Euro zone inflation is rebounding but the economic outlook remains uncertain and marred by high-risk elections in France and Germany. That has left the ECB walking a tight rope between priming the market for an eventual tightening and withdrawing its safety net for the economy too soon.
Against this backdrop, the ECB is likely to stick to fine-tuning its message for the next few months and refrain from any major policy shift before the French elections in May and possibly the German vote in September, the sources said.
ECB President Mario Draghi reaffirmed on Thursday that the euro zone's central bank would first stop adding to its 2.3 trillion euro bond-buying programme and only afterwards consider any increase in its interest rates.

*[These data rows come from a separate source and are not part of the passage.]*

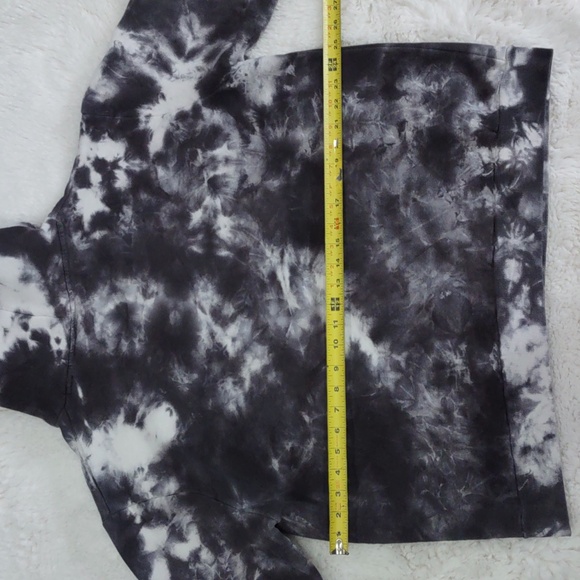 BROOKLYN LAUNDRY HOODIE. - Picture 11 of 17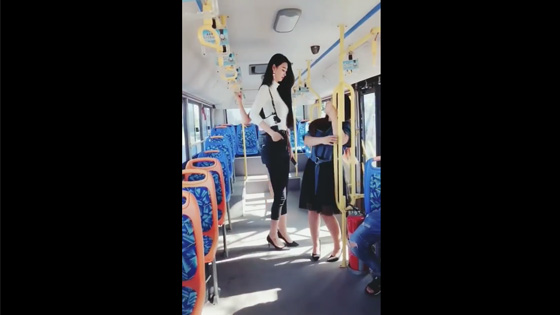 You will be under pressure when you meet a ladyl like her on a bus.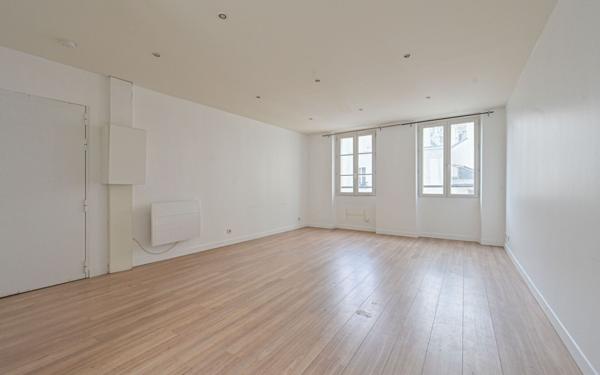 Appartement à vendre    1 pièce • 28,05 m2 Paris 12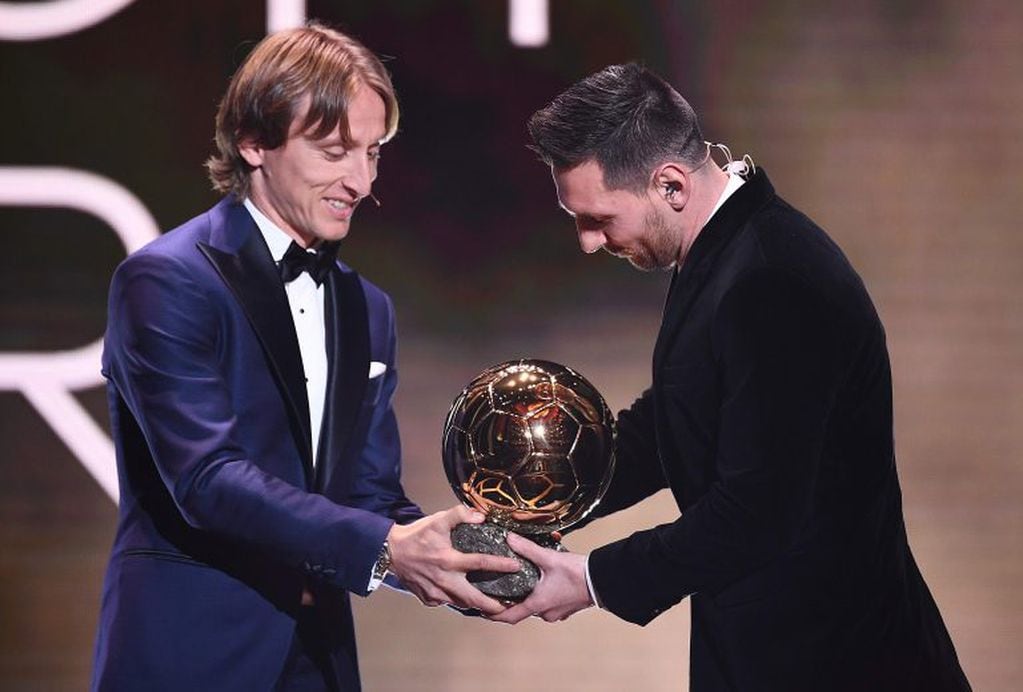 Luka Modric le entregó el Balón de Oro a Lionel Messi. (AFP)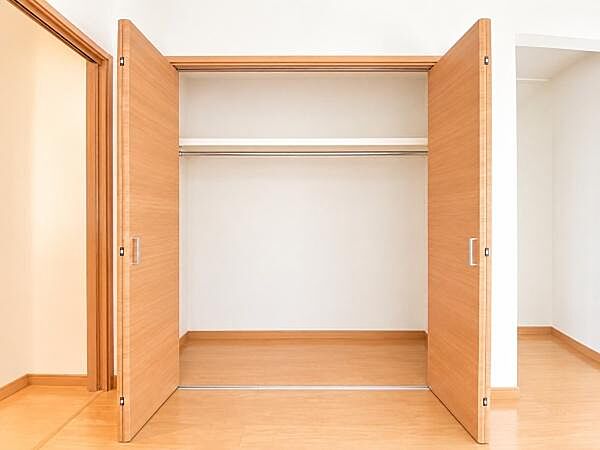※画像は家具等を消す加工をしております。1F洋室収納十分な奥行があり収納力がございます。となりには仏壇も置けるスペースもございます。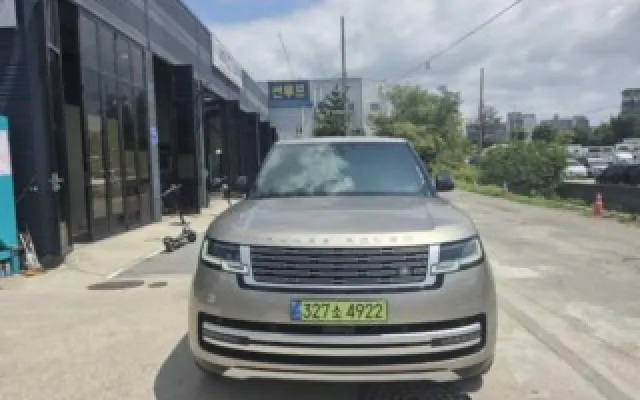 레인지로버 5세대 4.4 P530 LWB 랜드로버 2024/09 21,709km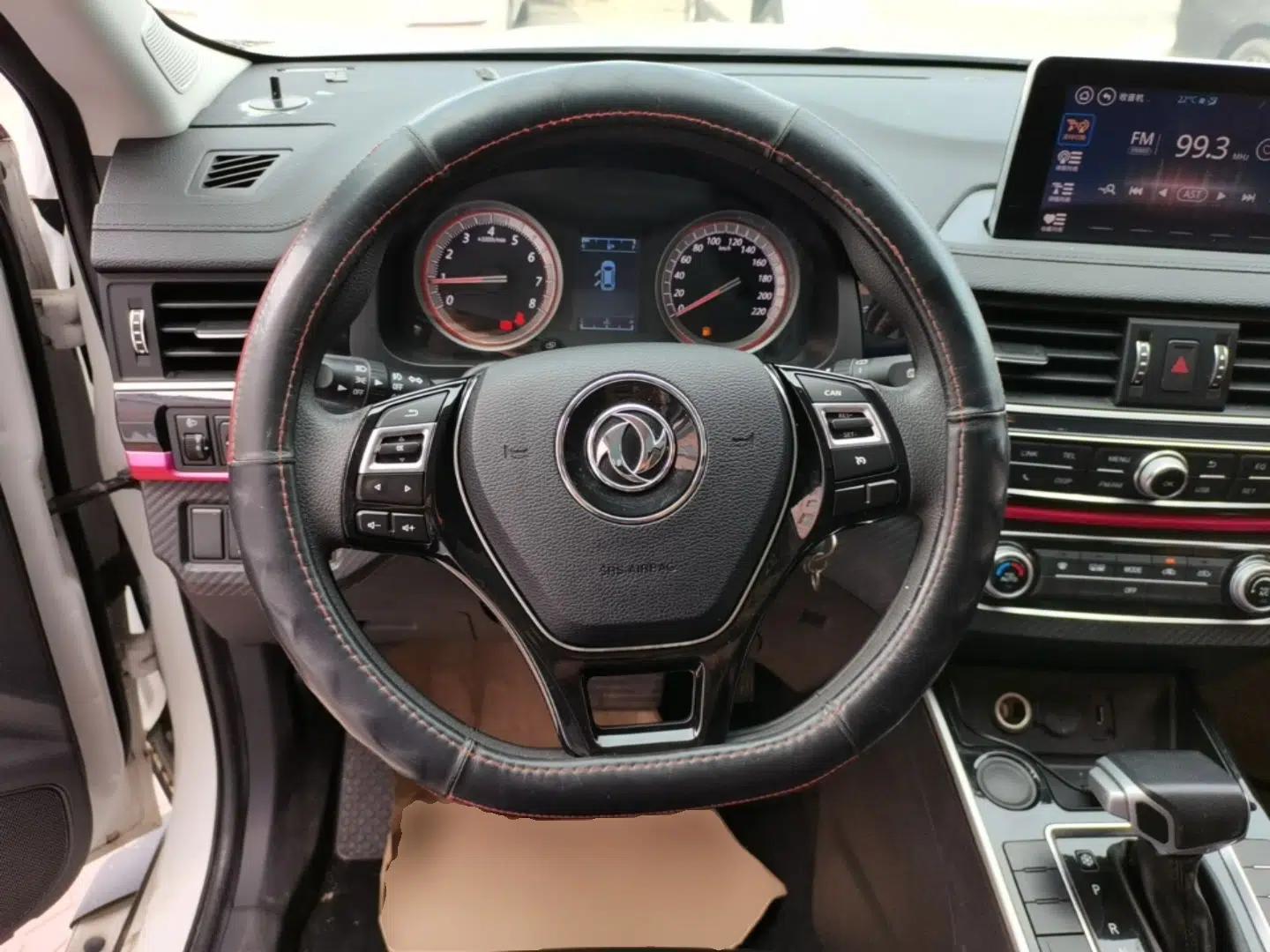FORTHING Joyear X5 2017 Enjoy Series 1.6L CVT Luxury Model — миниатюра 14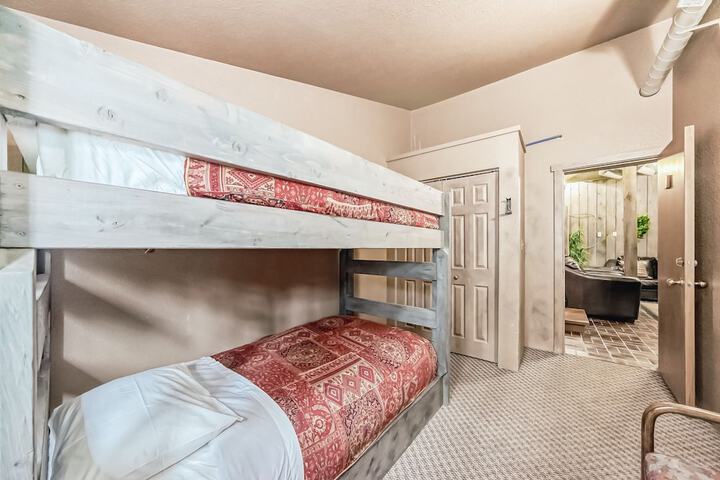 Room 54 of 153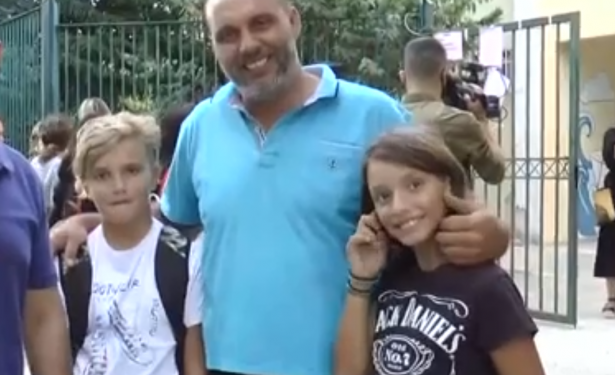 Alldaynews.gr Γονιός δηλώνει ότι θα φέρνει κάθε μέρα τα παιδιά του χωρίς μάσκα κι ας μην τα δέχονται στο σχολείο (Video)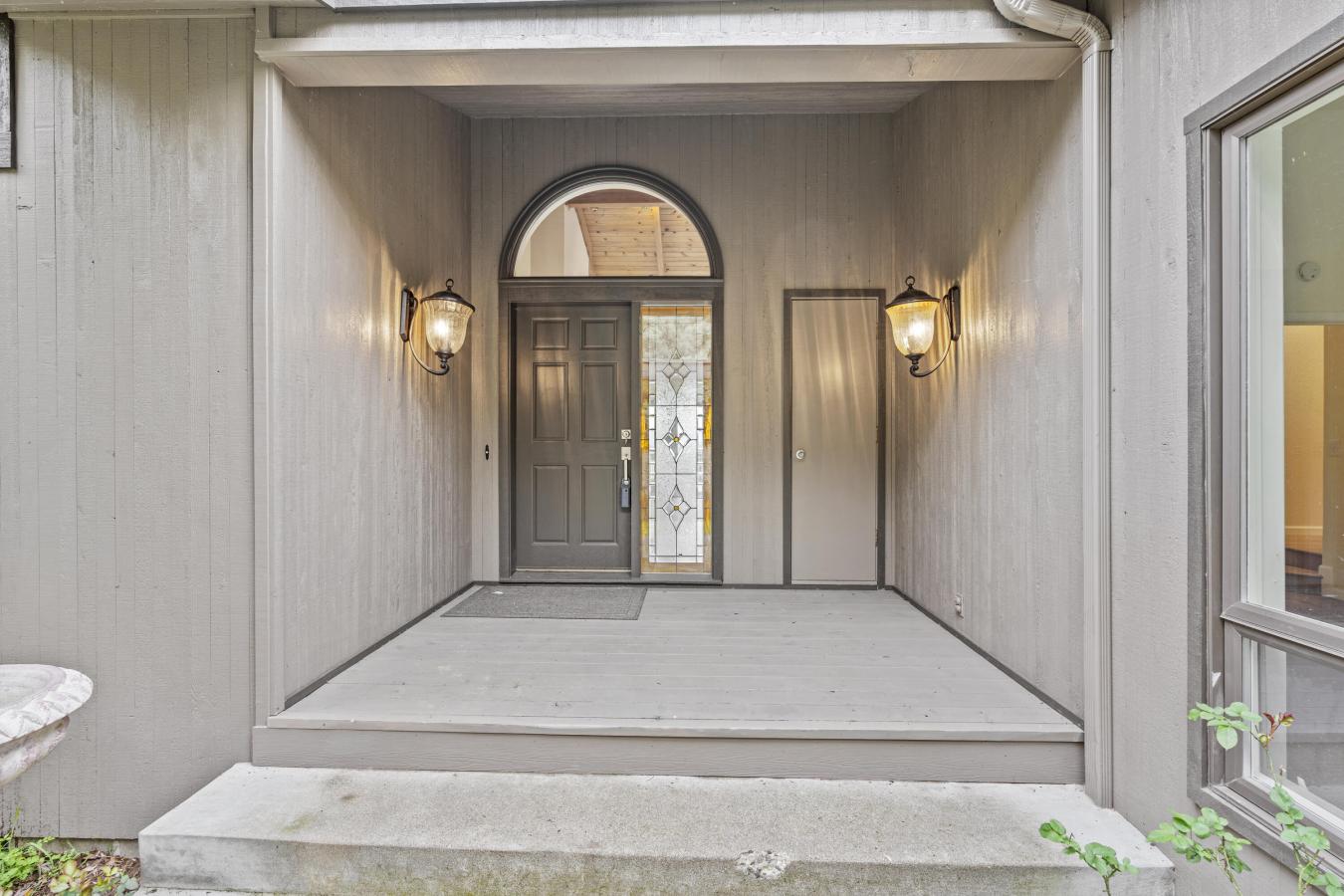 Jacksonville, OR, 97530, United States, 3 Bedrooms Bedrooms, ,2 BathroomsBathrooms,Residential,For Sale,1697438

A rate hike would chiefly mean lowering a penalty charge that banks must pay for parking cash securely with the ECB overnight.
This extreme measure was introduced in 2014 to discourage cash hoarding and kick-start lending. It has since cost banks billions of euros, partly because of the growing amount of excess cash injected into the banking system by the ECB itself via its asset purchases.
Lending is now picking up, albeit slowly, and the damage associated with negative rates has become apparent to the ECB itself, which is also the euro zone's top bank supervisor.
Some ECB rate-setters, including Jens Weidmann, head of Germany's powerful Bundesbank, have called for the institution to at least consider ruling out any further rate cuts.
Financial markets are now fully pricing in a rate hike next year and some economists expect one even before then.
"From June on we may see some changes, such as an increase in the deposit rate," Berenberg economist Florian Hense said.